Autovivification in Perl : Great Idea but also Huge Trap - Another Leaking Abstraction...
Autovivification is one of Perl's really great design success.
It all comes to you don't need to worry about existence before dereferencing something.
That means, for setting a nested hash, you only need to write :
$h->{foo}{bar} = "value";
And that will work out of the box. Perl will happily create all the data-structure for you.
So, now a little coding test, what does the following code output ?
my $a; if ($a->{foo}{bar}) { print "Found foo/bar "; } if ($a->{foo}) { print "Found foo "; }
Naively, it shouldn’t output anything, right ?
Not so fast. Upon a careful read of Perl will happily create all the
data-structure for you
, we can put some emphasis on one word : Perl will
happily create all the data-structure for you
.
That might be just perfect, except that Perl creates it whenever it needs it, even if it is only for reading.
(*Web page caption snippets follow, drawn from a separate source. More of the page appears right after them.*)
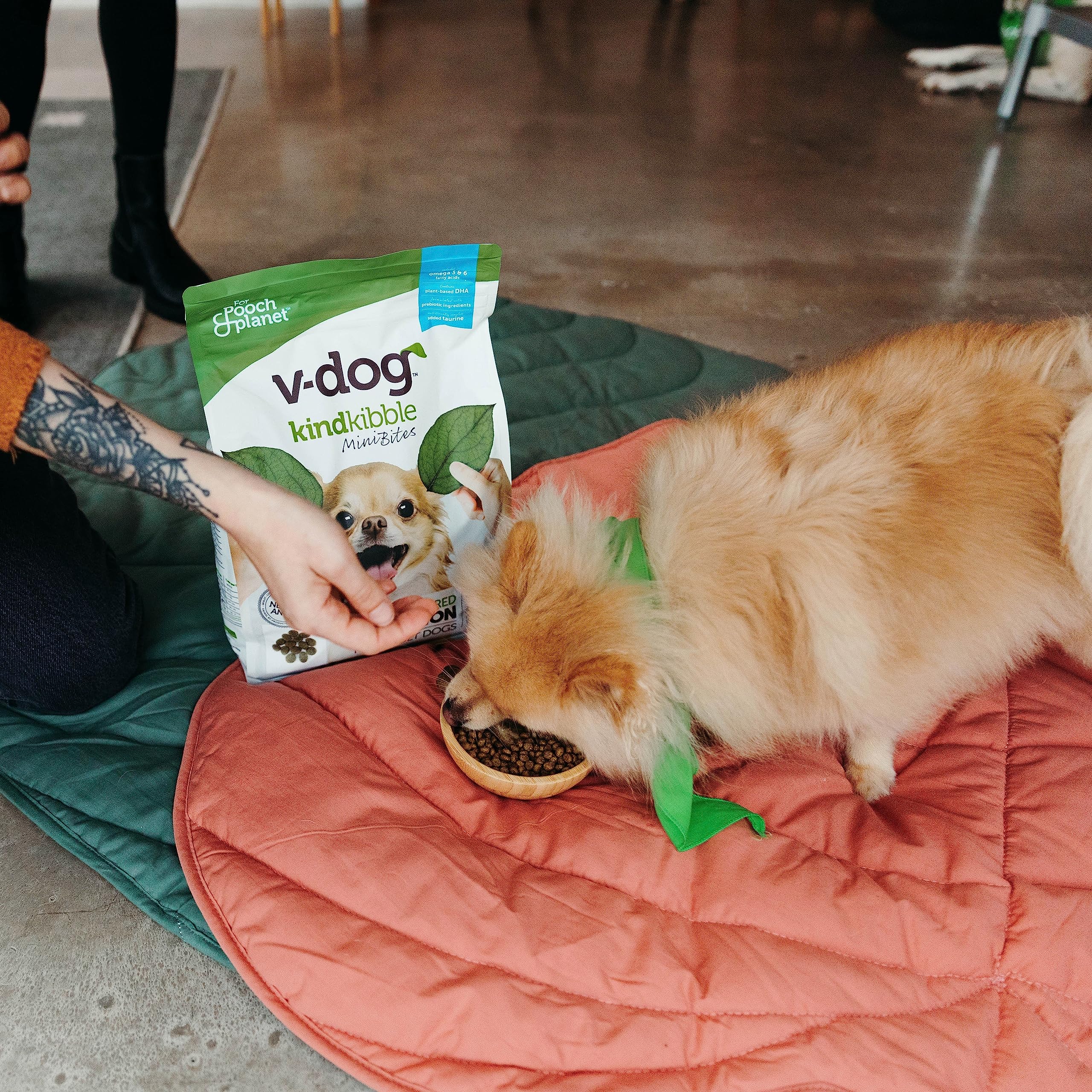 V-dog small-breed serving bowl with easy-to-pick kibble.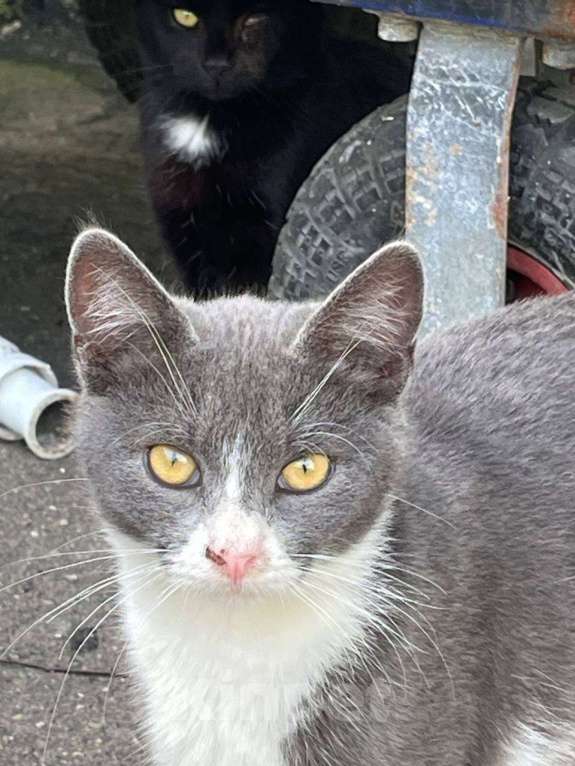 Кошки в Москве: Анечка ищет дом Девочка, Бесплатно - фото 3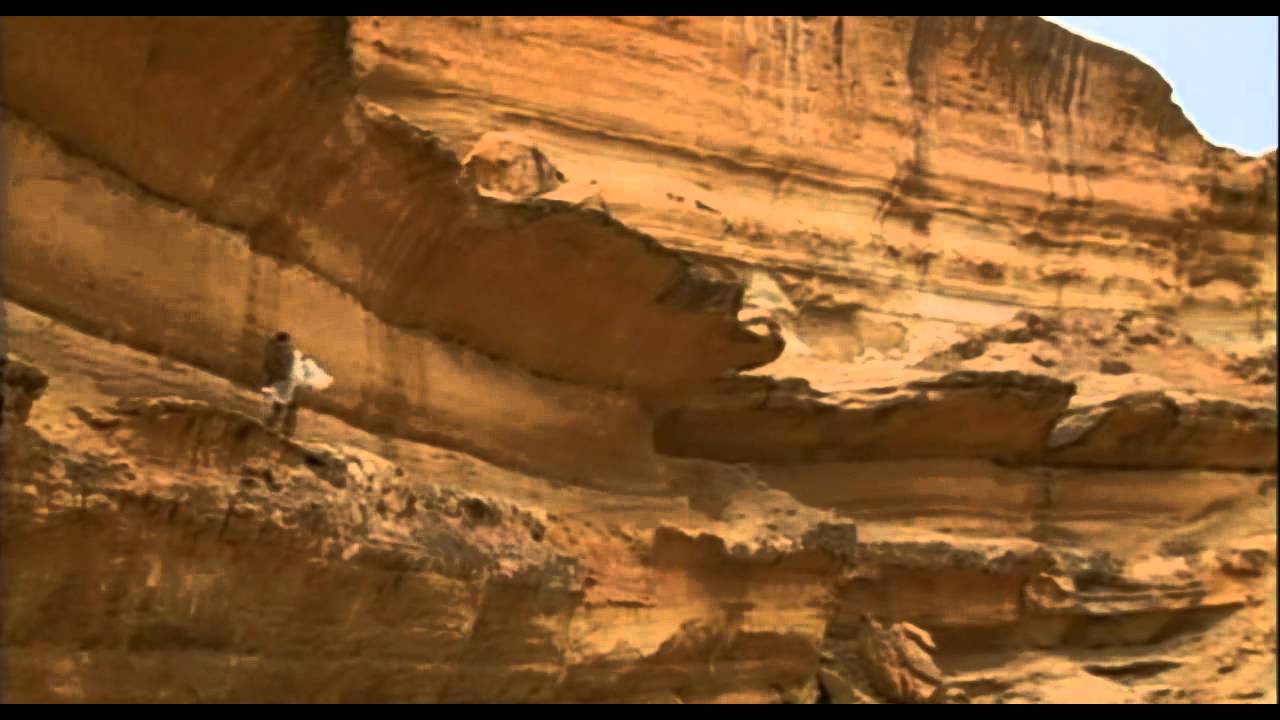 My most favorite scene from The English Patient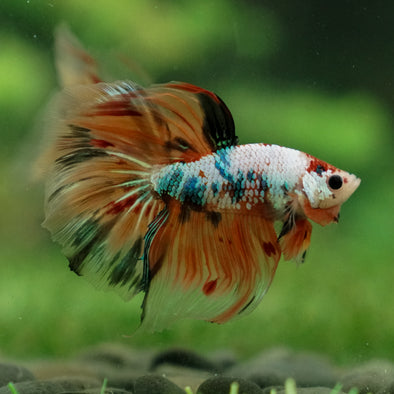 Galaxy Koi Halfmoon - 13 weeks old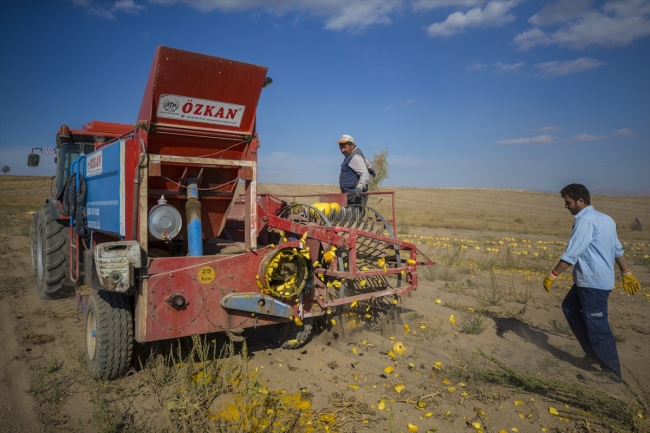 Lezzetini Erciyes Dağı'nın tüflü topraklarından alan tomarza kabak çekirdeği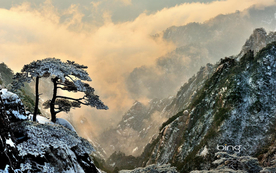 风景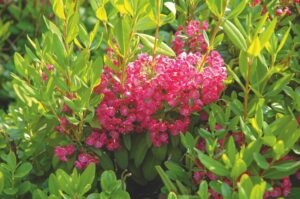 Kalmia angustifolia 'Rubra' - De Tuin in vier seizoenen 42 - Lente 2023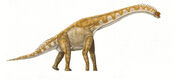 Giraffatitan DB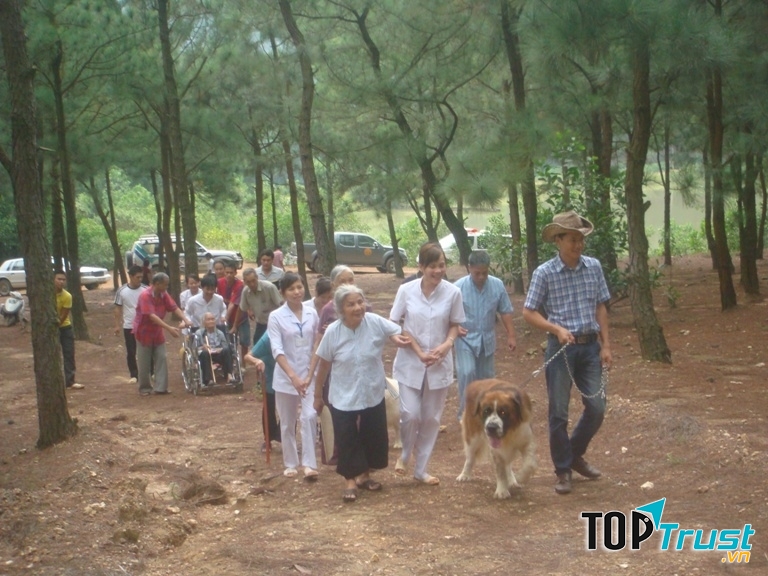 Đi dạo trên đồi thông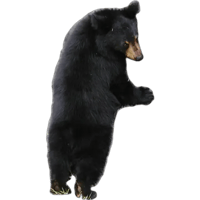 sticker image #3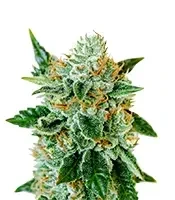 Bubblegum Auto (Barney's Farm)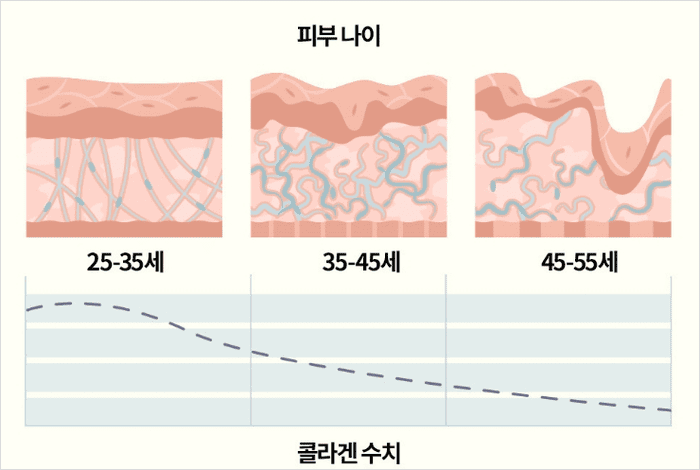 콜라겐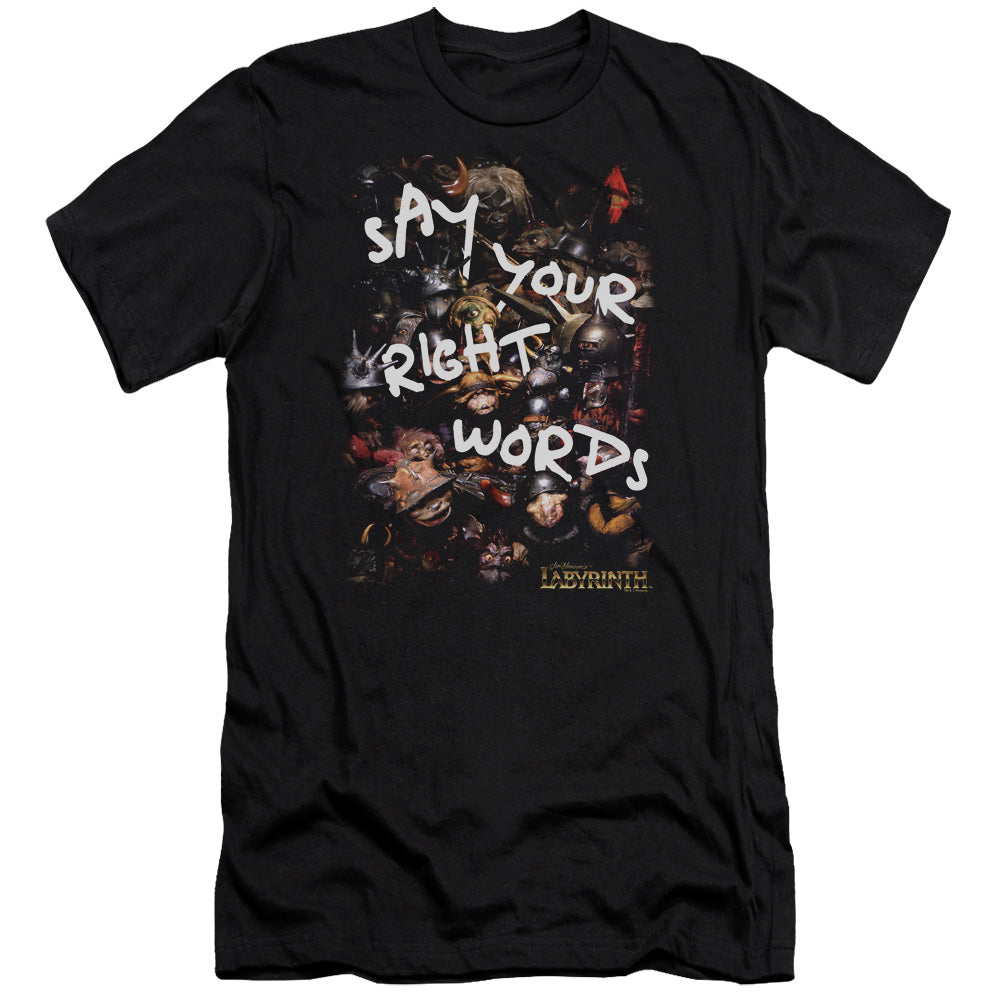LABYRINTH/RIGHT WORDS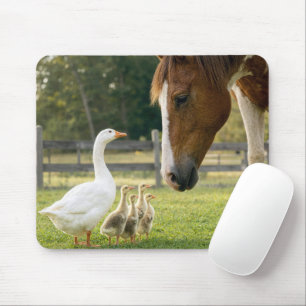Witte gans met ganzenkuikens en paard muismat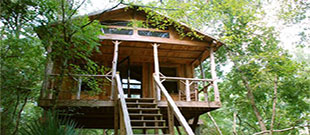 Edisto River Treehouses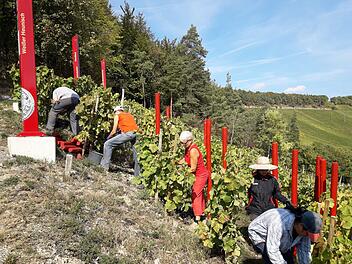 Am "Terroir f" sollen Paare nun auch heiraten können. Foto: Archiv/Andreas Lomb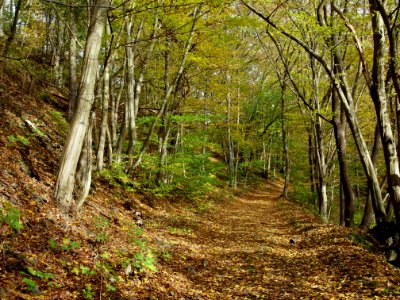 Treseburg Waldweg (3)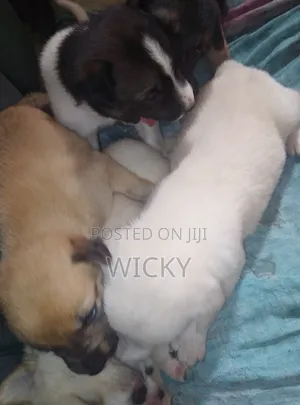 1-3 months Male Mixed Breed Great Pyrenees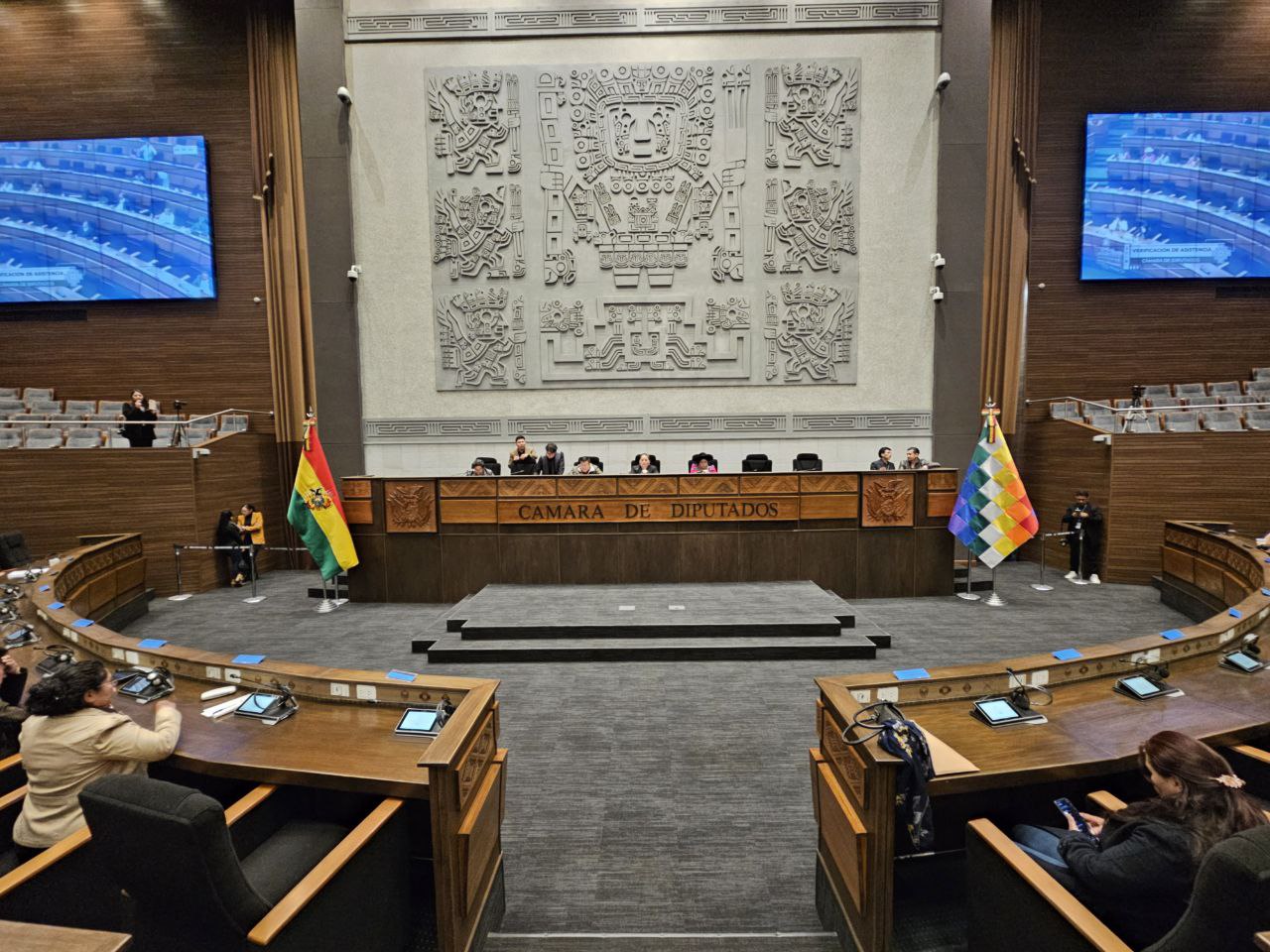 Diputados sanciona ley que regula el ejercicio del trabajo social en Bolivia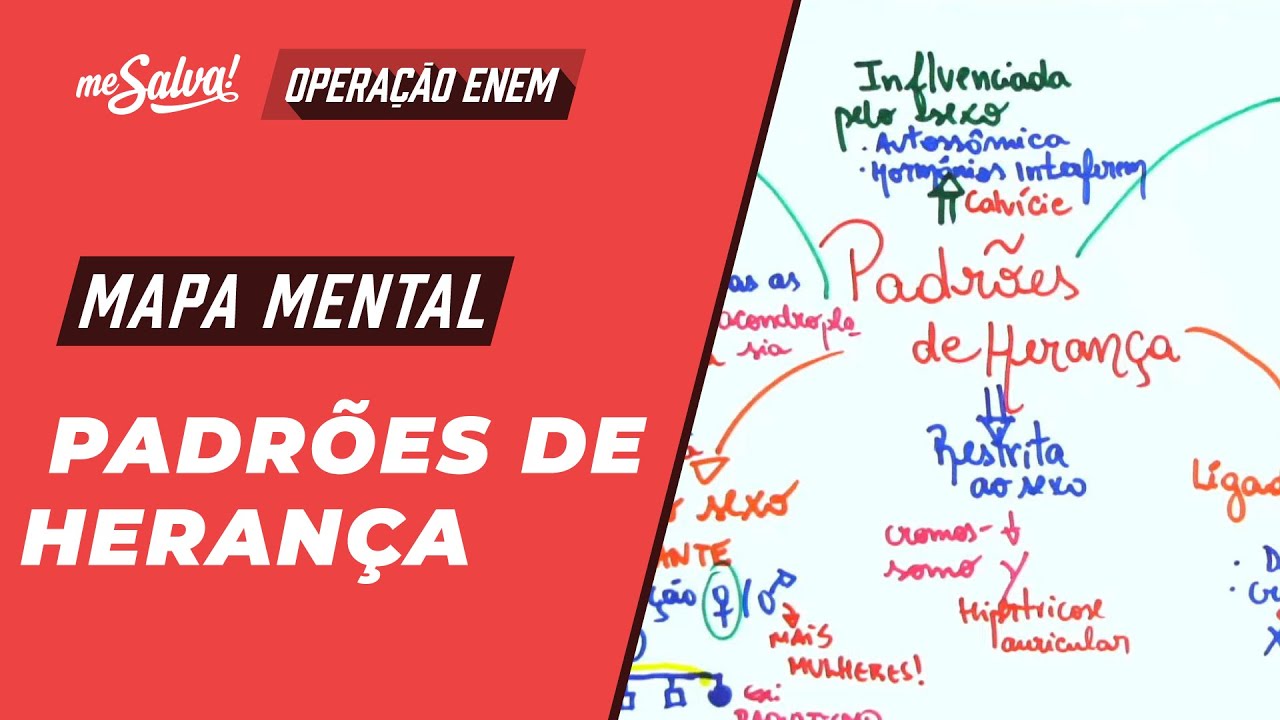 Padrões de Herança - Biologia | Mapas Mentais ENEM 2024 | Me Salva!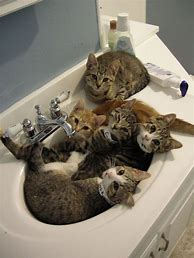 Image result for Cats Doing Weird Things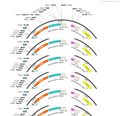 AAV-cfos-DIO-YPet-2A-mGFP-WPRE-hGH pA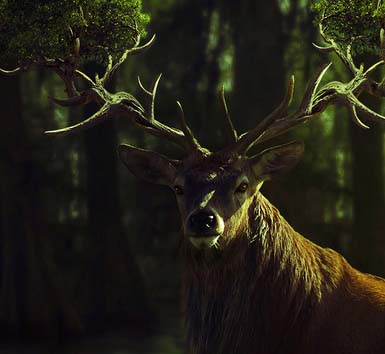 助您决胜市场的ddos压力测试网页端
And now you understand the catch : a read operation can result in a write one.
As Uncle Ben (from SpiderMan) said[1] : With Great
Power Comes Great Responsibility
.
Dagfinn Ilmari Mannsåker showed me a nice autovivification module on CPAN that fixes this behavior, and enables a fine tuning of this process.
I really think the fact that creation also happen when querying the value is a real bug in Perl itself, or at least a bug in the design of the feature.
Notes
[1] Voltaire, Franklin D. Roosevelt and other said something very similar, but they are not as geeky.